When I called my congressman's office, they were very honest in explaining that we probably will not get something like the GDPR any time soon here in America. In my opinion the politicians in America are woefully uneducated in information technology issues in most cases. Many of them are urgent about global warming and the green deal and I agree that is an issue. However, instead of going after the enormous energy consumption of Bitcoin and other cyrpto currencies, that consume an entire nation's worth of electricity just for one enterprise, they attack cows. Refer to these links on the enormous energy consumption of crypto currencies https://digiconomist.net/bitcoin-energy-consumption and https://www.forbes.com/sites/shermanlee/2018/04/19/bitcoins-energy-consumption-can-power-an-entire-c...
just look at certifications in our industry. The DoD is one of the few departments in the US that mandate that people working IT be certified, many departments and agencies still do not mandate solid credentials for those working in or regulating the industry. Why? Many governments mandate that hair stylist be certified but require nothing of IT professionals, how does that make any senses?
"Many governments mandate that hair stylist be certified but require nothing of IT professionals, how does that make any senses?"
Professional credentialing (licenses, certifications, degrees, certificates, etc.) mandates by governments (in laws or regulations) are almost always justified to the public as being necessary to ensure competence of practitioners and safety of the public. However, if you take time to look under the hood at the processes that led to those mandates, it is not uncommon to see that a major purpose is to limit access to the profession. The goal of those already working there is to control how many new competitors appear. The current practitioners want to be sure they don't lose business, and money, to a flood of new participants in the marketplace.
Granted, there are those who legitimately and altruistically work to ensure standards to meet public safety needs. That is, I have inferred, what the original (ISC)2 members were trying to do.
Undertakers, hair dressers, barbers, florists, interior designers, school teachers, lawyers, physicians, chiropractors, private investigators, and many other professions have, over the years, formed strong, vocal "professional" associations that have proceeded to lobby, push, and donate to state legislators to establish these credentialing requirements in law. I have yet to see any IT-related organization make any attempt at all to do the same.
Even in the UK, government certifications for security in the public sector don't appear to take hold, but this is at least in part the number of possible certifications IT and security staff may hold. The last effort was CCP (CESG Certified Professional), but for people who hold ISACA, ISC2 and ISO certifications, in addition to vendor certifcations, it's not that attractive to be required to have yet another qualification that largely overlaps these.

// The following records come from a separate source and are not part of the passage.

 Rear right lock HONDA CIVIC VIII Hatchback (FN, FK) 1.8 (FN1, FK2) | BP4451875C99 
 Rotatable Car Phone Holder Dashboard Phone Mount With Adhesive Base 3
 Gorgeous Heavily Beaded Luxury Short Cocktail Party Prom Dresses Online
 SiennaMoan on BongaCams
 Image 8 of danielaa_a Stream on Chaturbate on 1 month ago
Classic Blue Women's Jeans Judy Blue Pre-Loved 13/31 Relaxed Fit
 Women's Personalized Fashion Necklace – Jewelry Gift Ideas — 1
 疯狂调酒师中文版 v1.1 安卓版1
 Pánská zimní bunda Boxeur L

One of the benefits when the US government started mandating that the IT workforce meet a minimum level of cyber security is that it forced some people into continuous learning. It also forced some people who had gotten into IT for the "money" to start thinking about other careers. I took it as a good thing because you don't really want people in a profession who aren't into learning new threats to that profession.

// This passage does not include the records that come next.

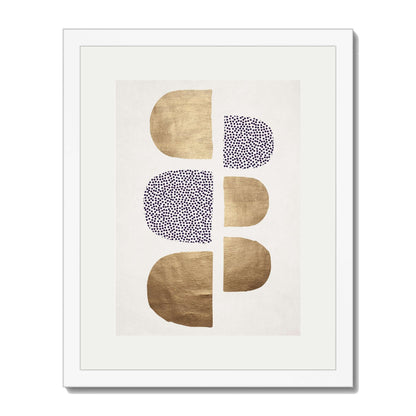 GEOMETRIC ABSTRACTA | PRINT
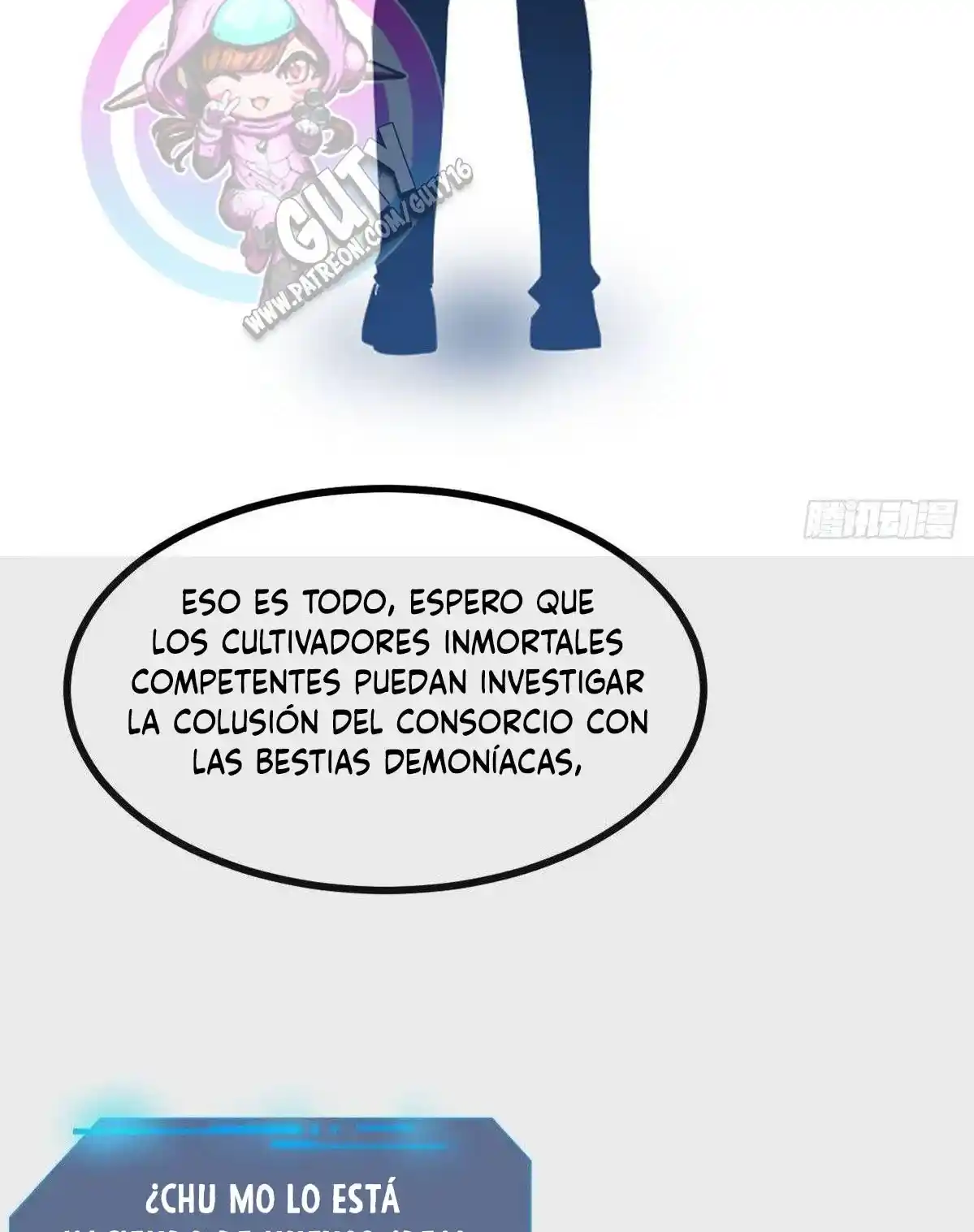 One Punch Star For 30 Days Sign In - Capítulo 43 - Página 54 - LectorTMOo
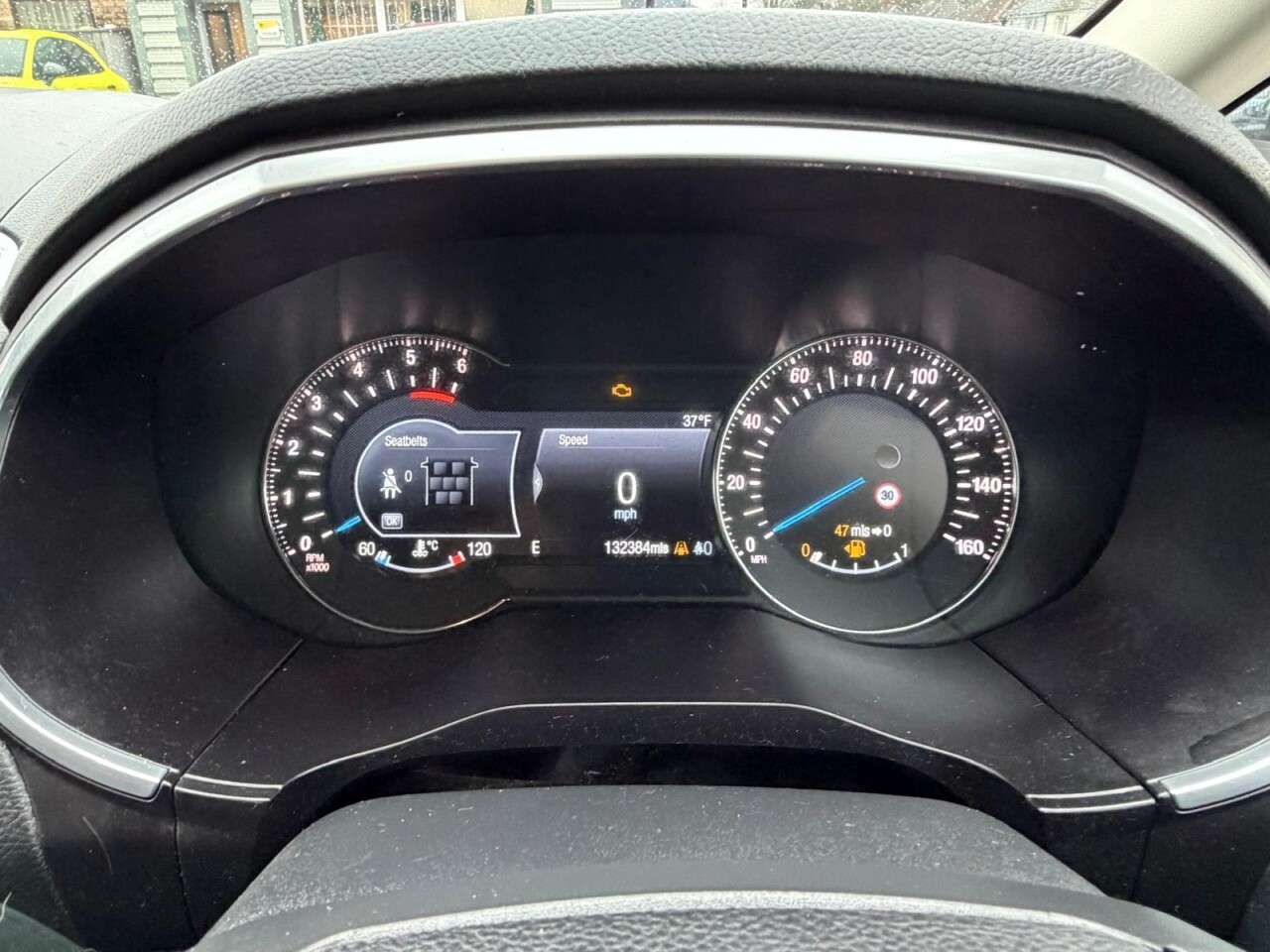 2017 FORD S-MAX 2017 FORD S-MAX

That is a very accurate statement. People who are only in information technology, especially cybersecurity, for the money do not belong in cybersecurity ,or in the fast paced technology fields, because these careers require continual work and self study that is often not recognized by executives as as a real challenge. Only those who view life long learning as a labor of love can survive since it is a lifelong challenge to stay current.